The cycle gene found in Drosophila melanogaster has many orthologs among eukaryotes including other members of the genus Drosophila, mosquitoes, various non-dipteran insects, non insect arthropods, and mammals including humans. In other members of Drosophila, functional orthologs of the D. melanogaster cycle gene can either be found in chromosome 3 or in scaffold/matrix attachment regions. In each case, the orthologs retain functional PAS domains, signal transduction function, and transcription factor activity. Other non-arthropods containing the functional ortholog of the Drosophila cycle ARNTL and ARNTL2 include humans, house mice, domestic chicken and zebrafish. Most vertebrate creatures retain a functionally and structurally similar protein. Unlike dipterans, however, these animals have two different orthologs of the cycle gene most likely caused by a gene duplication event.
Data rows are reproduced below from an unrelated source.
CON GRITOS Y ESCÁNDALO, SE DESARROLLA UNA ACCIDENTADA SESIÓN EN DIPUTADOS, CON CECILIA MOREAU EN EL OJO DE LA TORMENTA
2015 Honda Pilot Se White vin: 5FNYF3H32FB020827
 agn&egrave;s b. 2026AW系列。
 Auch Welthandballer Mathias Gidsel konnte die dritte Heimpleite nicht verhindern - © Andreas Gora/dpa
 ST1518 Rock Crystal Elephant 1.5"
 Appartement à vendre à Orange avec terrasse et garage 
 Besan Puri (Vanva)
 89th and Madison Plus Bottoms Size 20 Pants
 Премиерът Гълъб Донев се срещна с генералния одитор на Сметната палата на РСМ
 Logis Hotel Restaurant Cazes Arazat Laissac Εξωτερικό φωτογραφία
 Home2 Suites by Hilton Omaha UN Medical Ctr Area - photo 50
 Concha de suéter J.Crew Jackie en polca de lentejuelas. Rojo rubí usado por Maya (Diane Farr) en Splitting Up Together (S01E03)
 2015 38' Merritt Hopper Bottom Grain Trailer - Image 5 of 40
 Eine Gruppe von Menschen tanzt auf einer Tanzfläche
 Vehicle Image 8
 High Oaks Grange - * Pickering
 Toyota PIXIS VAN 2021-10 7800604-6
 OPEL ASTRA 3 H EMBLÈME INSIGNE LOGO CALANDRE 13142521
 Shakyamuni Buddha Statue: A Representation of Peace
Much like CYCLE, the ARNTL proteins have a basic helix–loop–helix and a PAS domain containing transcription factors responsible for the autoregulatory transcription translation negative feedback loops (above), which are responsible for generating molecular circadian rhythms. For a more complete list of ARNTL homologs visit the ARNTL species distribution article.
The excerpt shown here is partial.